Task statement →
Would you reproduce each line below exactly, leaving every picture out?

Data provided →
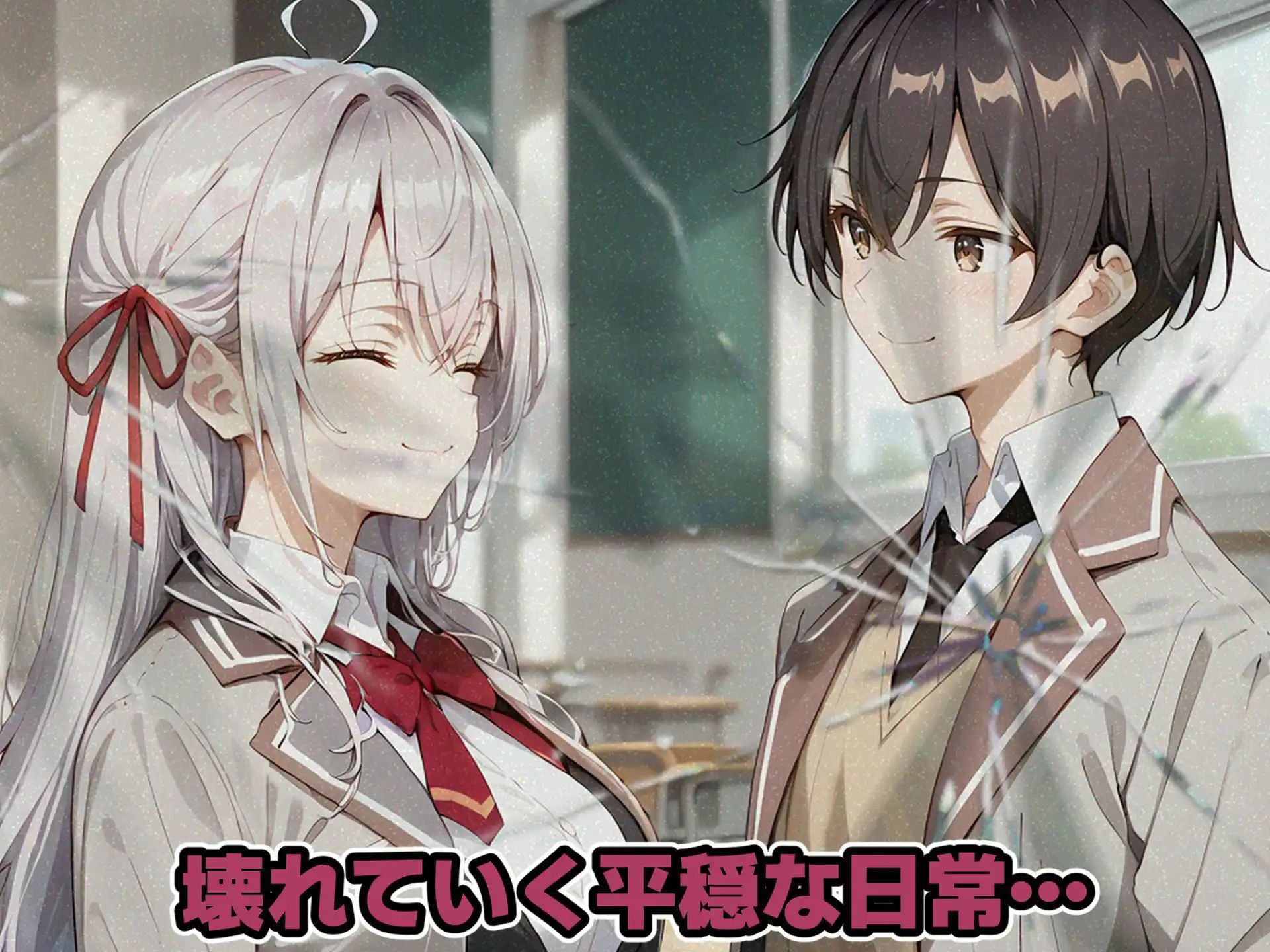 ねらわれた生徒会 催〇おじさんの寝取られ孕ませ生活 - サンプル6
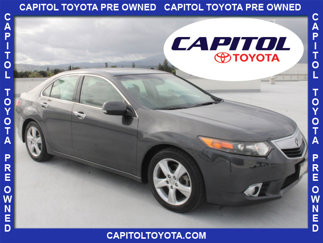Used 2011 Acura TSX Sedan image 1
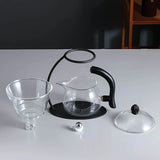Théière Chinoise Design <br> Verre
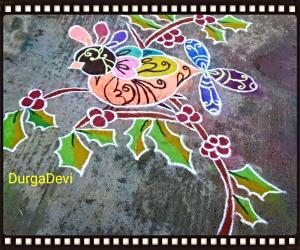 Marghazhi kolam day 15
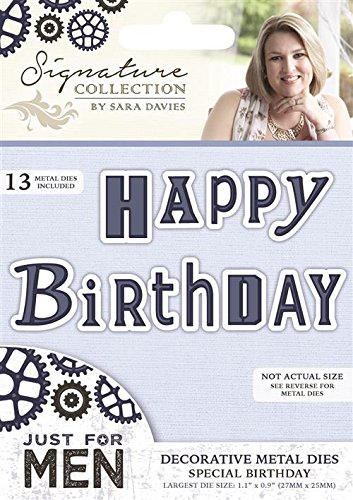 Seulement pour les hommes - matrice en métal - ...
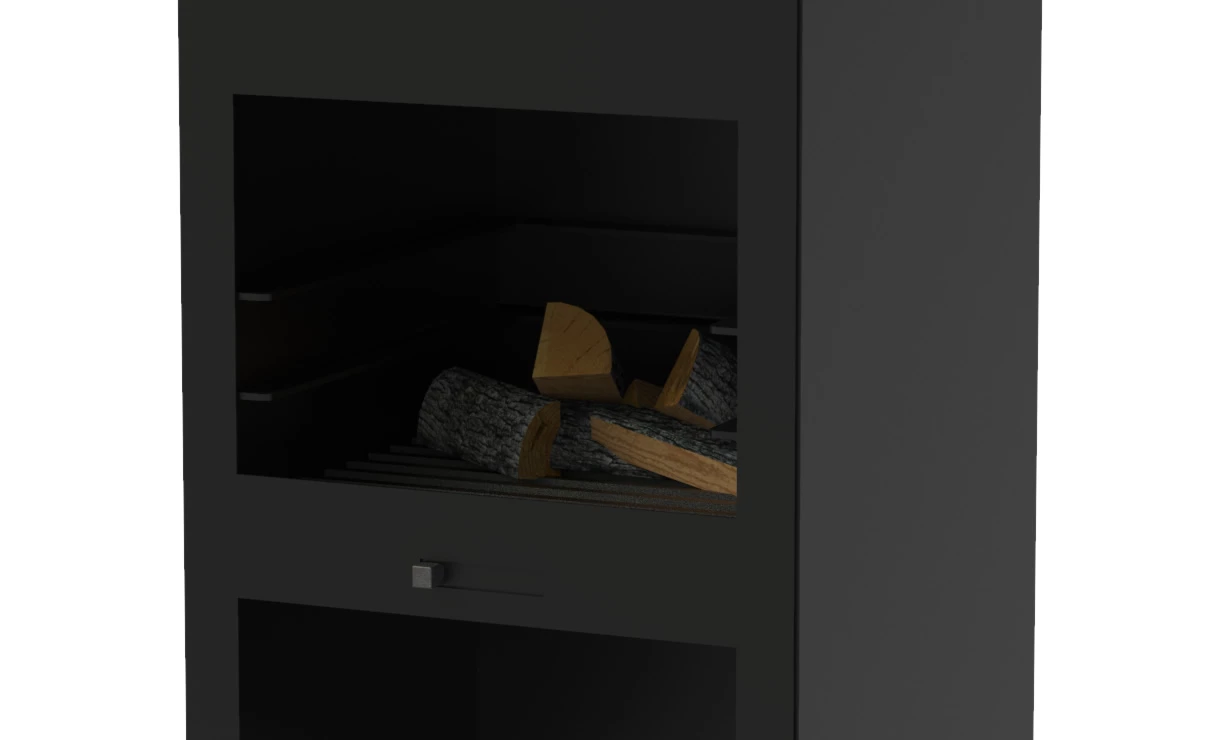 Tuinhaard Stig Zwart - Afbeelding 2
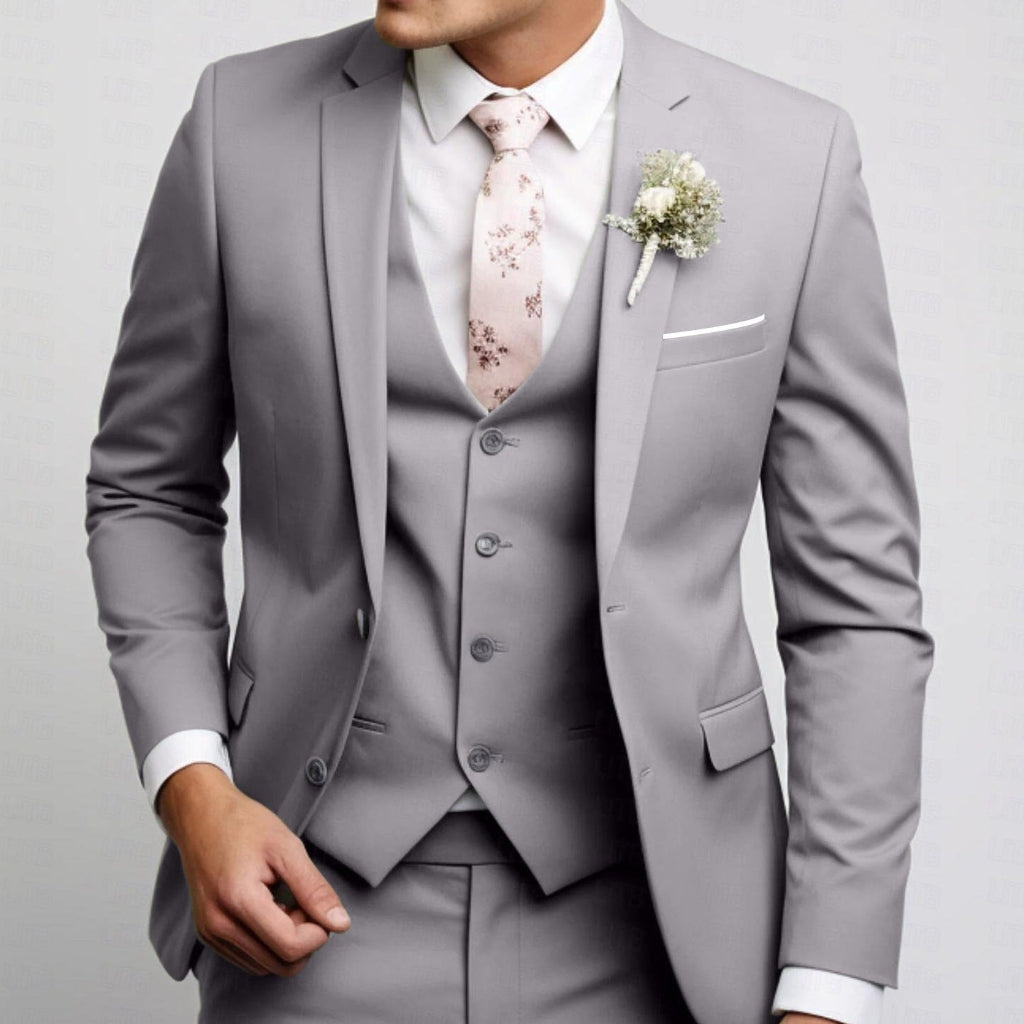 Tailored Two-Piece Suit for Men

Solution to the problem →
 ねらわれた生徒会 催〇おじさんの寝取られ孕ませ生活 - サンプル6
Used 2011 Acura TSX Sedan image 1
Théière Chinoise Design <br> Verre
 Marghazhi kolam day 15
 Seulement pour les hommes - matrice en métal - ...
 Tuinhaard Stig Zwart - Afbeelding 2
 Tailored Two-Piece Suit for Men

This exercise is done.